Though the painting is entirely bidimensional, the interpenetration of strata is evident: on one side absolute black; on the other uncontaminated gold; and between them a coplanarity and opposition of aureate stratifications that strive to emerge while a black tends to reabsorb whatever would escape its magnetism and density. Before our eyes a tight dialectic takes shape, a cosmic drama without figures and without historia.
This painting makes me think of what occurred somewhat after the Big Bang—the billionth of a billionth of a second—when the darkness, a single whole of matter and enveloping space, loosened its meshes and let the first light show through: the first uneven glimmer—here still mixed with black, elsewhere already powerful and energetic like lightning.

Allow me a parallel—only in procedure—between Michelangelo’s early Battle of the Centaurs and Lapiths (1492) and Scolamiero’s Come sogni perduti (2023) at the height of his maturity.
In Michelangelo’s relief, about the size of a salon picture, what strikes one at first glance is the three-dimensional swagger of those heroic bodies locked in furious combat—the part, shall we say, “in the light.” Only with a little attention do we realize that almost all the bodies are not fully formed and even sink into the mire. The relief rises from undifferentiated matter and in several places has not yet freed itself of it.
The black chosen by Vincenzo Scolamiero not only serves to determine a compact, static surface upon which the rabid (“O rabido ventare di scirocco,” Montale) and rapacious aureate formations deposit themselves to create the pictorial narrative: it is a black with its own thickness, density, infinity.
It is a kind of Leviathan seeing its prey slip away and trying to reabsorb it by the sheer power of its being. Hence a dialectic arises between figures and their existential negation—a force rare in the hurly-burly of contemporary painting.

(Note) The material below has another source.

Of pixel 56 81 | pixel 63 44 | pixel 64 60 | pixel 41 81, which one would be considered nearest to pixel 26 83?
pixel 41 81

Scolamiero’s imaginary has roots and a nature altogether different from the ancient lesson of Michelangelo, yet this Herculean effort to emerge from a uniform, compact, infinitely dense black is analogous and responds well to contemporary cosmogony, which already has its metaphors and allegories. Moreover, it is not only thought—an interrogation of the unconscious—but also a reification of the dream, rendered in terms that are powerfully and elegantly painterly; and for this I believe contemporary society owes him something. I would call it gratitude.